Wednesday, April 1, 2009

Promises, Promises

In the old days of politics, breaking campaign promises was a little easier. When politicians went back on their word, they could claim that they were misquoted or taken out of context. But in the age of YouTube, I thought that politicians would become a little more cautious about making promises and a little more circumspect about keeping them. I was wrong.

I have tried to give the President the benefit of every doubt, but it is difficult to keep doing so when it seems like every week another campaign promise goes up in smoke.
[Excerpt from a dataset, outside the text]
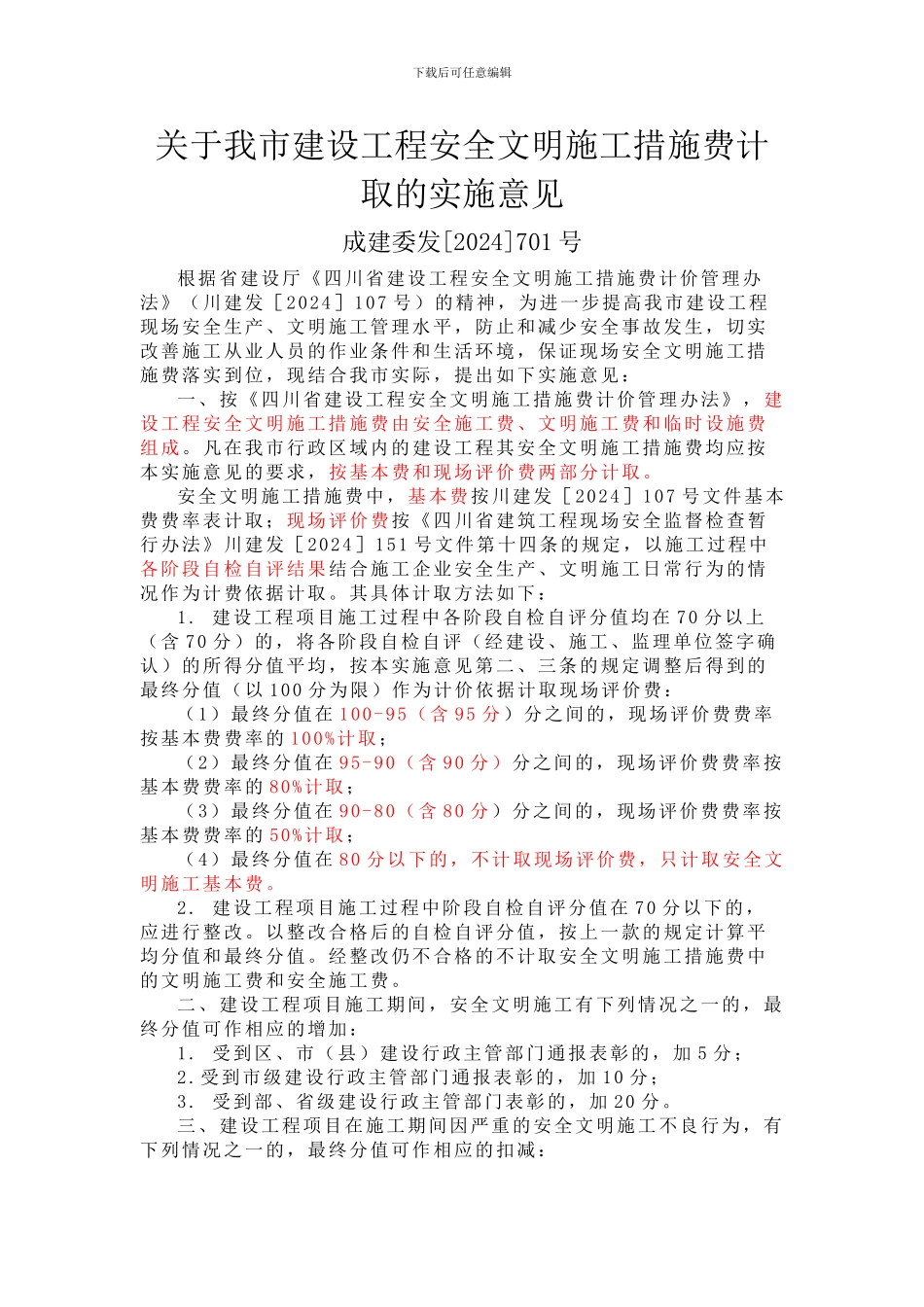成都市建设工程安全文明施工措施费计取的实施意见成建委发701号_第1页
In the latest of a string of broken promises, Mr. Obama went back on his word not to raise taxes on anyone making less than 250k per year. Over and over during the campaign, Mr. Obama the candidate pledged that he would not raise any taxes on people who are not rich, but he recently signed into law the largest tobacco tax in history. A recent Gallup poll confirms that poor and middle class people smoke in much greater percentages than wealthy people, so this tax is not only a breach of his word, but it is actually regressive, i.e. it hurts poor and middle class people much more than it hurts the wealthy.

Some other campaign promises that have similarly gone up in smoke:

  • His promise to use public funds for his campaign even though his opponent made good on his promise to do so.
  • His promise that he would go "line by line" through every budget to weed out pork barrel spending. The budget he recently signed had nearly 9,000 earmarks.
  • His promise to allow the public to review every piece of legislation on-line for at least 5 days before he signed it. The Stimulus Bill was signed without being posted online for 5 days. Similarly the recent Omnibus Land Conversation bill was not posted online before Mr. Obama signed it.

During the campaign there were a lot of promises that there would be 'change' in the way that government is run. I can see that in the area of making and breaking campaign promises, no such change has been forthcoming.